HKTV, which will start broadcasting TV programs over the internet on Nov. 19, said in a statement on Wednesday night it had granted Tencent’s online video arm the exclusive right to broadcast HKTV’s dramas on the mainland.
From that date, mainland audiences will be able to watch the HKTV dramas on smartphones, TVs with set-top boxes or smart TVs over v.qq.com.
Before the Tencent deal, HKTV had sold content distribution rights in Southeast Asia, Australia and New Zealand to Astro, a Malaysian firm that offers a direct-broadcast satellite pay-TV service.
The HKTV programs will have to be censored by the State Administration of Press, Publication, Radio, Film and Television before they can be broadcast on the mainland. That means Tencent can edit the content to meet regulatory requirements.
As HKTV is only selling Tencent the broadcast rights to its dramas, it is Tencent and not HKTV that will be legally responsible on the mainland for the content, Ming Pao Daily reported, citing sources.
Before the deal was announced, it looked as though a lukewarm response from advertisers could mean HKTV would lose money on the first programs it airs.
Only three advertisers have agreed so far to be special sponsors — for the series “The Borderline” and “Once Upon A Song” and a variety show.

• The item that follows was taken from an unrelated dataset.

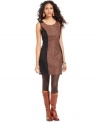 With sleek styling, this Bar III sheath dress features a jacquard panel for a pop of print that's oh-so chic for fall!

The first series scheduled to be aired, “The Election,” has failed to attract a special sponsor, because of its sensitive topic, Apple Daily reported Wednesday, citing sources in the advertising industry.
“The Election,” a political drama, stars Malaysian actress Angelica Lee as a candidate for Hong Kong’s chief executive in the 2022 election. More than 900,000 people voted online for it to be HKTV’s first offering.
But only three advertising packages have been sold for the series, with a maximum possible revenue of HK$6.29 million (US$812,000).
An HKTV spokesman would say only that some clients had decided to shift their commercials from other programs to “The Election,” because of its popularity among netizens.
Nine advertising packages were sold for another popular series, “The Borderline,” a police procedural drama.
If it succeeds in attracting the highest level of viewership on a ratings scale, revenue from those packages will amount to HK$18.72 million before discounts, based on the latest information HKTV released to advertising companies.
Since HKTV chairman Ricky Wong Wai-kay has said each episode in one of the company’s TV series costs between HK$1 million and HK$1.2 million to make, “The Borderline,” with 17 episodes, may have cost as much as HK$20 million and is unlikely to make a profit.
Tsang Kam-keung, chief executive of advertising firm The Bees Group, said his clients had not placed any advertisements on HKTV shows, mainly because the advertising fees are too high.
He said advertisers are mainly taking a “wait-and-see” attitude, because internet broadcasting is a new platform for the city. While he said he was a bit surprised about the lack of enthusiasm among advertisers, he expected HKTV to attract more advertisers if viewership turns out to be strong.